Since the low made on January 23rd the Dow has rallied around 1150 points or about 10%. The overall pattern looks similar to what occurred from mid October through early December as the Dow initially sold off (points A to B) which was then followed by a brief rally (points B to C). This was then followed by a larger downward move (points C to D) and then a 10 day rally in which the Dow gained over 1000 points (points D to E). Meanwhile from early December through the 3rd week of January a similar pattern has evolved as the Dow came under some selling pressure (points E to F) which was then followed by a brief oversold bounce (points F to G) and was then followed by another substantial move downward (points G to H). Meanwhile this has been followed a 1150 point rally in the Dow over the past 8 trading days. The most likely scenario to play out in the coming weeks is for the Dow to stall out either at its declining 50 Day EMA (green line) near 12900 or its declining 200 Day EMA (purple line) near 13100 which would then be followed by an eventual retest of the January 23rd low near 11630.
The Nasdaq made a bottom near 2200 and has rallied nearly 10% or just over 200 points in 8 trading days. Just like the Dow I expect the Nasdaq will eventually retest its January 23rd low at some point in the weeks ahead. However in the near term if it continues higher look for it to encounter resistance either at its 38.2% Retracement Level near 2450 or at its declining 50 Day EMA (green line) just below 2520.
As for the S&P 500 it has also rallied 10% or 125 points since the January 23d low and has risen above its declining 20 Day EMA (blue line). If the S&P 500 continues higher in the near term look for resistance to occur either at its declining 50 Day EMA (green line) near 1420 or at its declining 200 Day EMA (purple line) just above 1450. Just like the Dow and Nasdaq I expect in the coming weeks the S&P 500 will eventually retest its January 23rd low near 1270 once this oversold rally ends.
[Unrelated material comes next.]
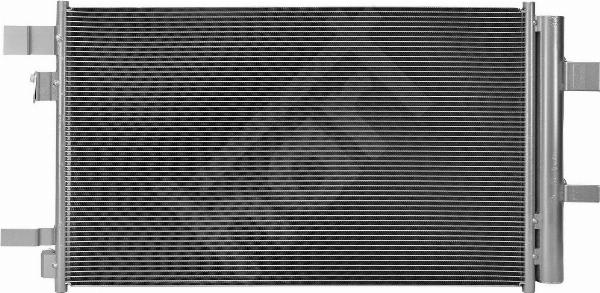 Hart B40 931 - WAHACZ-P-NISSAN MICRA 16--P- SWORZEN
As I mentioned above I think the major averages may retest their January 23rd lows at some point in the coming weeks. One of the reasons I think this may happen is based on the % of Bearish Investment Advisor Sentiment which still hasn't reached an extreme level. Going back to the mid 1990's when the 3 week average of Bearish Investment Advisor Sentiment has risen at or above the 35% level (points I) this has signaled a nearing bottom followed by a substantial rally (20% or more) in the S&P 500 (points J to K). Currently the 3 week average of Bearish Investment Advisor Sentiment stands at 30% so this is one reason why I think the January 23rd lows may have to be retested or even broken before a significant bottom occurs.